Abstract Background The influenza virus causes seasonal epidemics which are associated with high morbidity and mortality. Rapid diagnostics tests (RDT) are frequently used to make a quick influenza diagnosis to confirm the clinical suspicion, despite their low sensitivity. Objectives Assess the performance of the Sofia Influenza A + B Fluorescence Immunoassay (Quidel, San Diego, CA).
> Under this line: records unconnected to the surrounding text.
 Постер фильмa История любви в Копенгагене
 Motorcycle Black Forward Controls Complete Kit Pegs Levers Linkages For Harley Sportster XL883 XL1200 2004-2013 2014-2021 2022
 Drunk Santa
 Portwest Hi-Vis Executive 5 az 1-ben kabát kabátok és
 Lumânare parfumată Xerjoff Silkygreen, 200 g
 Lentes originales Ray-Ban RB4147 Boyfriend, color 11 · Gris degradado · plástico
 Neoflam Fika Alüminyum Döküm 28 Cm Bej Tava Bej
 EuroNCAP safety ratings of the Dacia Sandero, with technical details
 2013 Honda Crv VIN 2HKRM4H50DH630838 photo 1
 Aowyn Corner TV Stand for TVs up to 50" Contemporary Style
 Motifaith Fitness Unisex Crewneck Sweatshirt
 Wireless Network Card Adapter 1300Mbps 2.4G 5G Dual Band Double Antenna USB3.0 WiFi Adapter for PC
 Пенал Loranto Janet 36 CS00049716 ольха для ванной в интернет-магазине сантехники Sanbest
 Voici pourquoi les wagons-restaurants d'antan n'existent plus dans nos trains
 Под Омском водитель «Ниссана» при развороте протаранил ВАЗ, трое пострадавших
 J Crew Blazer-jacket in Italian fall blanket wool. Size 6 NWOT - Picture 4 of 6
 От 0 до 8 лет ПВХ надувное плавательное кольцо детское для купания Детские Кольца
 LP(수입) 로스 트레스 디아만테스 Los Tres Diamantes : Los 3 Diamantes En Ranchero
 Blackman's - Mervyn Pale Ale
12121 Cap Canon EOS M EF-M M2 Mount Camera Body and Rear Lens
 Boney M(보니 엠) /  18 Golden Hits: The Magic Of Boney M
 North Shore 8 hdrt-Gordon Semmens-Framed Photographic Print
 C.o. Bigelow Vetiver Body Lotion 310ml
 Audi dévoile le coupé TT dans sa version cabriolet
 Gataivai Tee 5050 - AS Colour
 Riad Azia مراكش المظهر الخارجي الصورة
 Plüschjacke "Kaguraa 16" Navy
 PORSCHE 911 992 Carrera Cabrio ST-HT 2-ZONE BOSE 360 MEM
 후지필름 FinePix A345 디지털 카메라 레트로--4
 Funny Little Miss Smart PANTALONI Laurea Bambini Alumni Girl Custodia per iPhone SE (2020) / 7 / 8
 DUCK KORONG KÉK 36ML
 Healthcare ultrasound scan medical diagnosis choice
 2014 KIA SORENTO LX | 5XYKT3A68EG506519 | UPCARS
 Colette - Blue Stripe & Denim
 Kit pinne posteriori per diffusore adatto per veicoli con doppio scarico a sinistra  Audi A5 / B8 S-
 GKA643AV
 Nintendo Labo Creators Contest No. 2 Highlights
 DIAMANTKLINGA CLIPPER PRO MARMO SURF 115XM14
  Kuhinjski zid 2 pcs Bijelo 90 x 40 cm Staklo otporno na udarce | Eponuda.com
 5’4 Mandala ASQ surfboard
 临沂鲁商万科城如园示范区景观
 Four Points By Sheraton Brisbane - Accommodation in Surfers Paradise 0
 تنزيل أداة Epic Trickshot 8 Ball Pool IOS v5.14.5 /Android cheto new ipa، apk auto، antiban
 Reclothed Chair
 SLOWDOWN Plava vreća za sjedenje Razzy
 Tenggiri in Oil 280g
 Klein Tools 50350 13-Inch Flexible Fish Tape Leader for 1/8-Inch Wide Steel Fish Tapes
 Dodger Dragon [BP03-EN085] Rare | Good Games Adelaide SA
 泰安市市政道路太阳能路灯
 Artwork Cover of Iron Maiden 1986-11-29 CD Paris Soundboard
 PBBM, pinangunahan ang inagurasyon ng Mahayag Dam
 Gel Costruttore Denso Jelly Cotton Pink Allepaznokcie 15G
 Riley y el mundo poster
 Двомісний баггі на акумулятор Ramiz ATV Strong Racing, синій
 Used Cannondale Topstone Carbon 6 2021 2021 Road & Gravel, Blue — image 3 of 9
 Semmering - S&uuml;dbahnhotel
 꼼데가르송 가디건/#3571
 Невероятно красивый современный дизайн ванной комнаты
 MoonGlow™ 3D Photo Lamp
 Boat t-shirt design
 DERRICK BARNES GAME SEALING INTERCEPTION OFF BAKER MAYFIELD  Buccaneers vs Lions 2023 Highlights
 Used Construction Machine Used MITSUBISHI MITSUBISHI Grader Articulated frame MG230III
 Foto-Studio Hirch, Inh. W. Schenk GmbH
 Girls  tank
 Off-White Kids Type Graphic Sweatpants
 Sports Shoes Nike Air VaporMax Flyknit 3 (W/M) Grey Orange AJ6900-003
Study design Nasopharyngeal swabs, taken from 241 patients (influenza A ( n  = 73)/B ( n  = 72), negative samples ( n  = 96)) were analyzed using the Sofia Influenza A + B Fluorescence Immunoassay, BinaxNOW Influenza A/B antigen kit (Alere Inc., USA), Directigen EZ Flu A and B (Becton Dickinson, USA), real-time RT-PCR and an influenza virus culture. Results There was a significant difference between the performance of rapid antigen tests and the Sofia FIA, when compared to the RT-PCR, in the detection of influenza strain A and B. Indeed, the Sofia FIA displayed sensitivities of 82.2% and 77.8% for strains A and B respectively, whereas sensitivities of BinaxNOW Influenza A/B antigen kit, and Directigen Flu A and B were 54.8%, and 68.5% for influenza A, and 62.5%, and 52.8% for influenza B respectively. The average RT-PCR threshold cycle ( C t ) (±SD) for the Sofia Influenza A + B Fluorescence Immunoassay-positive specimens was higher than those of the BinaxNOW Influenza A/B antigen and the Directigen EZ Flu A and B kit positive specimens. Conclusion Compared to other RDTs, the Sofia Influenza A + B Fluorescence Immunoassay is a sensitive, and rapid method for the detection and discrimination between influenza A and B.